If the Second World War hadn't come along I suppose the development of the Mathematical Lab might have been towards ever bigger and more complex differential analyzers but the world changed. Wilkes went off to work on radar and so learned a lot about high frequency electronics. More importantly he learned to think about digital electronics because radar signals could be considered to be made up of discrete pulses. This was unusual for the time and Wilkes himself comments on being amused on meeting a group of engineers who described exactly the same problems in terms of phase shift and frequency response - the language of analog electronics.
Back to Cambridge
After the war Wilkes returned to Cambridge and was appointed at the acting directory of the Mathematical Laboratory. There wasn't much to take over, however - the army still occupied the original building and Wilkes had to recruit the staff. Wilkes learned about the digital revolution going on in the USA from Hartree who described the construction of ENIAC and the working relay machine built by Howard Aitken.
Having seen the power of digital electronics during the war he realised that the future was in such machines and not in the analogy Meccano that was so much fun. He wrote a proposal to the Cambridge faculty saying that he thought they should do something about catching up with the head start that the Americans had in digital computers. The problem was how to catch up. America seemed much further away in 1946 than it does now and to catch up you need to know where the opposition is.
The information that Wilkes needed came in two forms. The first was the report that Von Neumann wrote on the EDVAC. This described the stored program principle that was the next step on from the ENIAC. Wilkes recalls that because there were no such things as photocopiers he had to stay up all night to read the report before returning it to its owner! As Wilkes puts it,
"I recognised this at once as the real thing, and from that time on never had any doubts as to the way computer development would go".
The fact that the EDVAC report wasn't given a security classification must surely have been an oversight by some US department!
The second source of information was a trip to the Moore school, the acknowledged center of computer development in the USA, or the world for that matter. After struggling to get the necessary funding he attended what must have been the first computer course ever held.

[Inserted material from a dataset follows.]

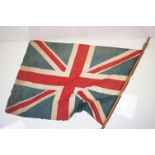 Vintage Union Jack Cloth Flag (measures approx 120cm x 84cm - excluding pole)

The big hardware problem of the time was in constructing a large enough random access memory to hold the data and the program. In principle valves could be used in the `flip-flop' arrangement that is implemented using transistors in today's static RAM chips but you need two valves per bit and hence nearly 10,000 per KByte.
As a more practical alternative, mercury delay lines had been proposed but no one had built one for computer memory. A mercury delay line works by converting the electrical pulses into sound waves which travel comparatively slowly through the mercury filled tube until they are converted at the far end back into electrical pulses. Such delay lines had been used during the World War II to slow down radar pulses. To convert such a device into a memory you had to feed the pulses back into the tube so that they recirculated. It wasn't entirely obvious that this could be achieved, but when Wilkes returned to Cambridge he set about building a delay line memory - 1.5 meters long and with a delay time of 1ms. It worked after a few adjustments and Wilkes had the last piece needed to build a stored program computer.